The just-published paperback collects together 44 ripping yarns, each set in one of London’s famous bars. Paul staggers from pratfall to misadventure, in what Toby Litt describes as a Campaign for Surreal Ale.

There’s very little ‘reviewing’ going on here. The book would be more accurately titled ‘Almost 50 ways to get thrown out of a pub’. Typical tales end with a trip to the casualty department, or the intervention of Her Majesty’s Constabulary.

So we follow his efforts to drink 19 pints in 10 minutes in the Pembroke Castle, travel back in time inside the Sun Tavern, and communicate entirely by handwritten notes in the Blackbird, Earl’s Court (which only a Kiwi could file under ‘Central London’).
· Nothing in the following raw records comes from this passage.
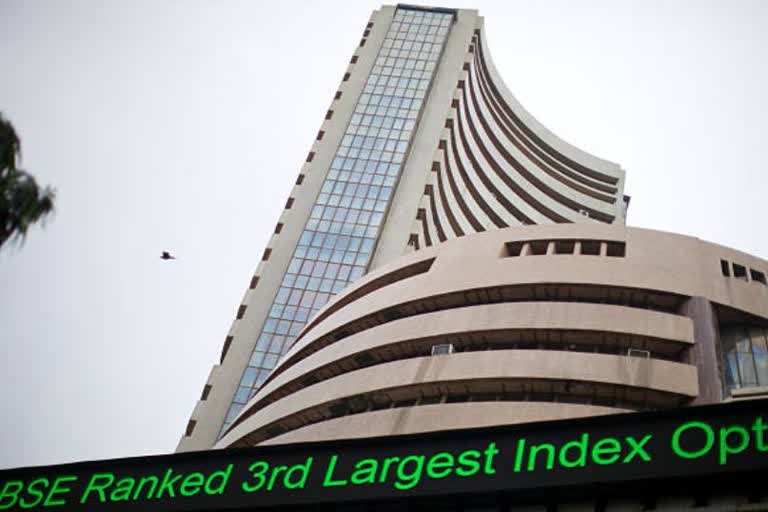 sensex ends 147 points higher infosys up over 1 percent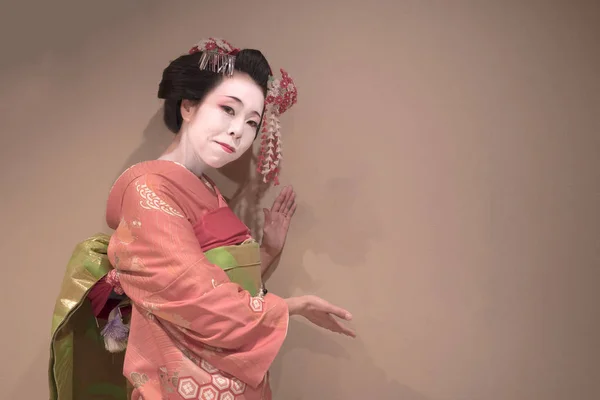Відсікання Японської Дівчини Гейші Маїко Червоній Кімоно Конічної Брошки Волосся — стокове фото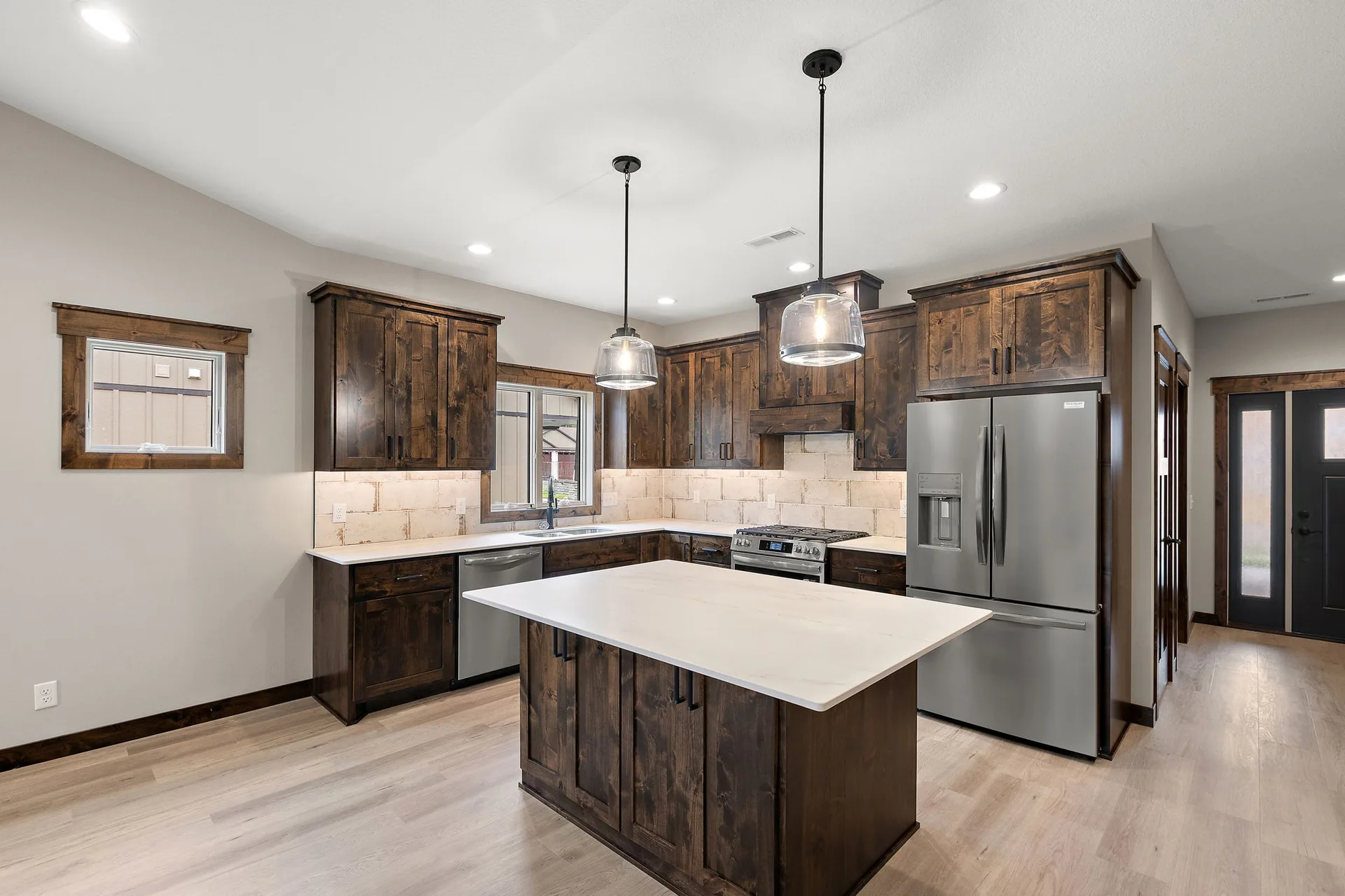 1043 Legend Lane photo 10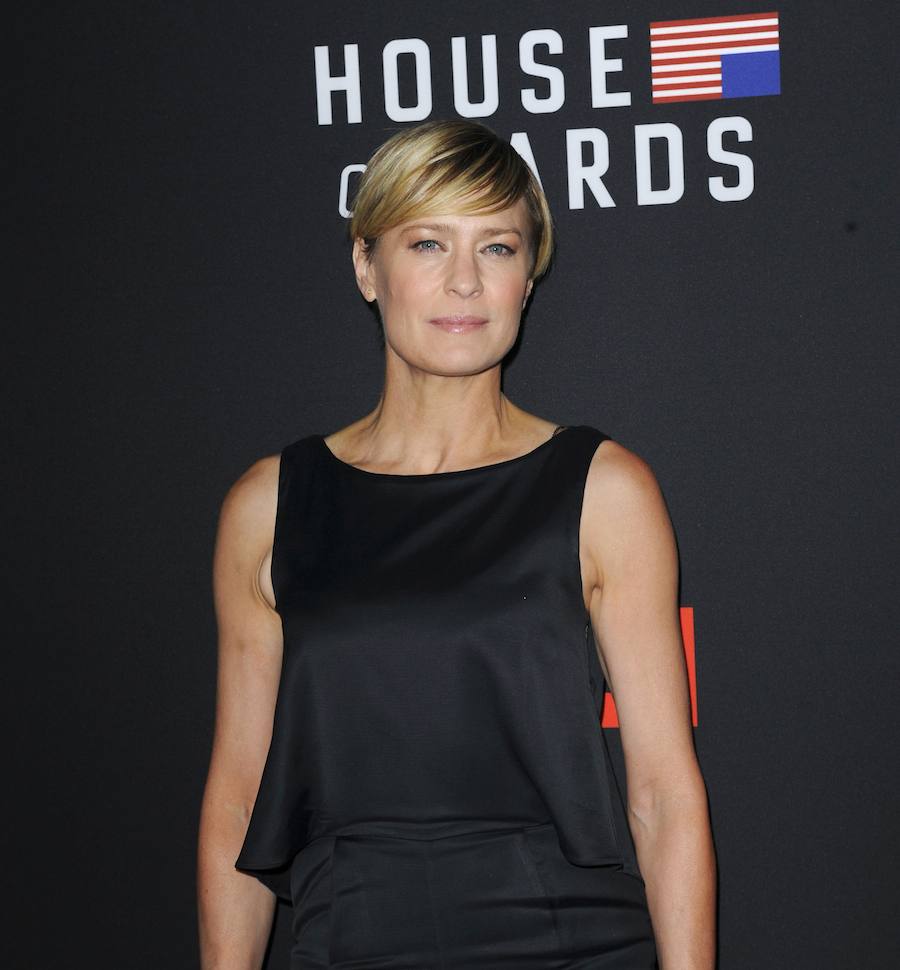 "House of Cards" to Resume Production with Robin Wright Taking Center Stage!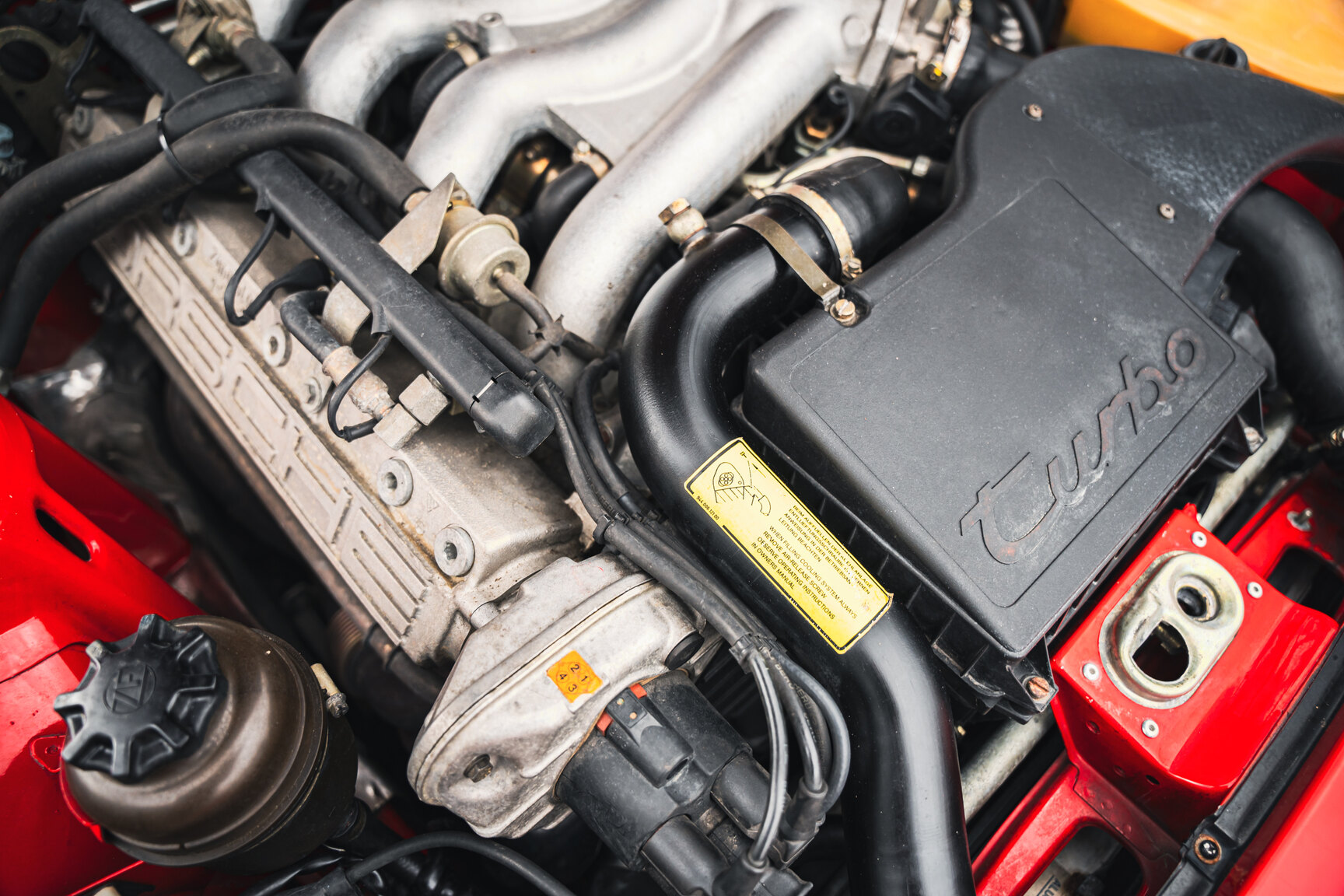 Image of 1990 Porsche 944 Turbo mechanics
The transition from pub-lashed to published was helped by the remarkable illustrations of David Le Fleming. His unique style establishes a whole new school of art that will come to be known as ‘drunken toddler with eyeliner pencil‘. The incoherent scrawl fits perfectly in this terrific book that’s best read inebriated.

One question remains: how, in the devil’s wine cellar, is it possible to write a chapter on The Albert, Victoria Street without mentioning the ejaculating penises etched upon the windows?

London Pub Reviews is available now from Foyles, Tate Britain and Crockett & Powell.